6 Steps to Building a Mentorship Program That Actually Works

Nov 5, 2013 Posted by

Leadership development doesn’t just happen in a classroom. As the popular 70-20-10 model for leadership development suggests, new leaders emerge largely from the challenging assignments they complete, secondarily from the relationships they develop and lastly, from formal education.

Too few companies get the second piece of that equation right — the 20 percent spent on development relationships, mostly in the form of mentorships. Why? Because they implement mentorship programs without really thinking through their purpose, objectives and return on investment.

Imagine, then, a mentorship program that’s actually of substance, develops strong leaders and is embraced by everyone involved.

What Went Wrong: Off-the-shelf Programs

Before I tell you how to turn this notion into reality, a little bit of history: mentoring has happened informally throughout history. But what had long been a natural process got complicated in the mid-1990s when diversity and inclusion became business imperatives and everyone realized that informal mentoring seemed to happen only in homogenous groups.

In response, formal mentorship programs were born, both to increase career opportunities to minorities and women and to actively develop new leaders. Mentoring as part of leadership development strategies became a “best practice.” But as happens with many best practices, people would read a book or listen to a speech and think they had the knowledge to develop a mentoring program. Off-the-shelf mentorship programs became the norm, robbing them of any meaning.

That’s my problem with mentoring today.

How to Get Mentoring Right: 6 Steps

Well-conceived and designed mentoring programs can have remarkable results; but like any business practice, you have to understand what you want to accomplish, and you have to measure results. If you don’t do this, you have a lot of people matched, having awkward meetings that never really make a difference to either participant.

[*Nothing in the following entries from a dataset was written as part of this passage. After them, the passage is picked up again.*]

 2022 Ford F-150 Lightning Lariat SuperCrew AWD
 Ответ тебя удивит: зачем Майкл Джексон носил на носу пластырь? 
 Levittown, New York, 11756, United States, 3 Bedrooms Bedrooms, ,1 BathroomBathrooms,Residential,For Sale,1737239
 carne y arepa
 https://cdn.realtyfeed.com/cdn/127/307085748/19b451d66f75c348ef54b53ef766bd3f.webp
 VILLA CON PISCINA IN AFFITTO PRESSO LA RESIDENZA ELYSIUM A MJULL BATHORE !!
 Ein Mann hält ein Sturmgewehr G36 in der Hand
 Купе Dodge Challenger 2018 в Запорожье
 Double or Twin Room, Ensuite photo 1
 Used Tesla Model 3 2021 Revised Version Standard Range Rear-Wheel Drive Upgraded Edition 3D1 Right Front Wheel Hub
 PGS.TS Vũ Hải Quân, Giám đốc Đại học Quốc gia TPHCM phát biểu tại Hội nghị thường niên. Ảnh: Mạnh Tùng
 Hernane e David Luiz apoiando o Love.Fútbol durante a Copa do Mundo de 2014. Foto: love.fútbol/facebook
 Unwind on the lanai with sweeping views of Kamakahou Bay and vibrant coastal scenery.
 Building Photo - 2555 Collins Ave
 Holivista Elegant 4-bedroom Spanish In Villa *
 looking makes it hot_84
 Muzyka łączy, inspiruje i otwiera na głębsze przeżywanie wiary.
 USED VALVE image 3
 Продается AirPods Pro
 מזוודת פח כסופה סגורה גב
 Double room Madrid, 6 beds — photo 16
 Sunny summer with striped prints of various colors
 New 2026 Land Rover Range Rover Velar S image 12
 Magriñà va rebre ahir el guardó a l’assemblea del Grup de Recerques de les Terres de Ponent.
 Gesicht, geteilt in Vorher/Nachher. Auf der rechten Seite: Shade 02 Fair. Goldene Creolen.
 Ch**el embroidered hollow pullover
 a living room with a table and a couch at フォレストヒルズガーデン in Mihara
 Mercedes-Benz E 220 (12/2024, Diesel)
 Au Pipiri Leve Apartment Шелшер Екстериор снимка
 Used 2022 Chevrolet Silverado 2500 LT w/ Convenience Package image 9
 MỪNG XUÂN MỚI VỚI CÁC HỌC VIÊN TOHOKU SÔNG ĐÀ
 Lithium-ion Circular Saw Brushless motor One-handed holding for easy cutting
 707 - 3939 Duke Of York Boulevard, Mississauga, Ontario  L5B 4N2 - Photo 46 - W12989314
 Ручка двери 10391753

There are several elements to consider to design an effective mentoring program:

  1. Select the right mentors. Make sure the mentors you select are the ones you want teaching emerging leaders. Mentors can guide new leaders around political obstacles or teach them to manage a large project. But is the political guidance being given what you want to happen? Are the project management lessons based on sound methodology? The selection of mentors should be a careful process that identifies top performers AND their best skills.
  2. Establish clear objectives. Make sure your mentors know what is expected and are willing to commit. Spending time teaching others is energizing for some, and debilitating for others. They need to know the expectations for the program, the responsibilities they will have, and the consequences of not fulfilling the commitment. In order to gain commitment of senior leadership, they need to know exactly what the commitment entails. They need to know how often the pair should meet, what should they do at the meeting, how can they best set up goals for the relationship that can be accomplished in a finite time.
  3. Create a predictable structure. There are few things more discouraging to a new leader than to set aside time and prepare, only to have meetings rescheduled. And that probably is not the leadership behavior that you want them to learn. Have a defined length of time for the relationship.
  4. Check in on mentors and protégés regularly. Emerging leaders may be reluctant to push their mentors to meet, and a facilitator can be helpful by checking up and ensuring that the program is progressing appropriately.
  5. Measure results. Ask mentors and protégés to be prepared to describe to their fellow pairs what they learned, and what the program meant to them. Often, we stop doing something without taking the time to reflect on the experience. For those program administrators, this also becomes your return on investment.
  6. Celebrate the end of the program. Recognize what has been achieved. If a mentor and protégé wants to continue meeting after the formal program is over, that is their decision.

Mentoring can be an incredible experience for both participants, but it’s one that does not always happen by itself. If a more formal approach is preferred, a solid foundation, infrastructure, training and evaluation will help you understand the return on your investment of leadership time.